Task to carry out:
Write out all the entries below without any change.
- Opening Delimiter -
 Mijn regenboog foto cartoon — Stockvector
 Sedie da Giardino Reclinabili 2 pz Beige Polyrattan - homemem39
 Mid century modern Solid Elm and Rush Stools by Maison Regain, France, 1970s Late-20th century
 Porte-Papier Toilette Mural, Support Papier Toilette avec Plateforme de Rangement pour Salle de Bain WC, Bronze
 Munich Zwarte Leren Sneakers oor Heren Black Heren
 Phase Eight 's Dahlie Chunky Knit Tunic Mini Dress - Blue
- Closing Delimiter -
Output below:
 Mijn regenboog foto cartoon — Stockvector
 Sedie da Giardino Reclinabili 2 pz Beige Polyrattan - homemem39
 Mid century modern Solid Elm and Rush Stools by Maison Regain, France, 1970s Late-20th century
 Porte-Papier Toilette Mural, Support Papier Toilette avec Plateforme de Rangement pour Salle de Bain WC, Bronze
 Munich Zwarte Leren Sneakers oor Heren Black Heren
 Phase Eight 's Dahlie Chunky Knit Tunic Mini Dress - Blue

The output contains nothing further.